Tag Archives: Proteus

“All That Was Mine in Silvia”

Act 5 is where Two Gentlemen comes together, or falls apart, or both. First, let’s recap what leads up to the ending. Silvia, disgusted by Proteus and Milan, has decided to flee to the very forest where Valentine has become the leader of a merry band of outlaws (who are a little too reminiscent of Monty Python’s Dennis More and company to take seriously, and who describe themselves as “gentlemen,” 4.1.43). She does so in the very brief 5.1. In 5.2, learning that Silvia has fled, the enraged Duke pursues her into the forest, dragging Proteus and Thurio with him, as Julia tags along (“And I will follow, more to cross that love/Than hate for Silvia, that is gone for love,” 5.2.53–54). Note how Shakespeare has arranged things so that everybody except the servants and Crab will soon end up in the same place. Actually, you can’t help but notice it; it’s that crudely done.

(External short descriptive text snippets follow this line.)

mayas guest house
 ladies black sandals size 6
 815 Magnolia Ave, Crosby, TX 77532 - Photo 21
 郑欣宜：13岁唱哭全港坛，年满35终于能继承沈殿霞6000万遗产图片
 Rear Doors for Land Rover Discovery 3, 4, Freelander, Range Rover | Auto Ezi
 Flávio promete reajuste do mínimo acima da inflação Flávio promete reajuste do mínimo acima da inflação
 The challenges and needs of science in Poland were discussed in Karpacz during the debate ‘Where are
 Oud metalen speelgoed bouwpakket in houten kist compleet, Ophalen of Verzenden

Silvia is captured by the bandits in 5.3 (as are Proteus and Julia, offstage). They take her to “our captain’s cave” (12), at which prospect Silvia interjects “O Valentine, this I endure for thee!” (15). Valentine hides himself as the little party, now including Proteus and Julia, approaches. So he is eavesdropping on the following scene (5.4). Remember, he sees and hears it all.

 

Proteus brazenly comes on again to Silvia (“Unhappy were you, madam, ere I came/But by my coming I have made you happy,” 5.4.29–30), only to meet another vehement rejection:

 

Had I been seized by a hungry lion,
I would have been a breakfast to the beast
Rather than have false Proteus rescue me.
. . .
I do detest false perjured Proteus.
Therefore be gone, solicit me no more.
(5.4.32–40)

 

But not only does Proteus not take no for an answer, he thinks that no means yes:

Nay, if the gentle spirit of moving words
Can no way change you to a milder form,
I’ll woo you like a soldier, at arms’ end,
And love you ‘gainst the nature of love—force ye.
SILVIA. O heaven!
PROTEUS.                    I’ll force thee yield to my desire.
(5.4.55–59)

 

Let’s pause for a moment and be absolutely clear about what just happened. Proteus, that gentleman of Verona, has just tried to rape the woman he says he loves.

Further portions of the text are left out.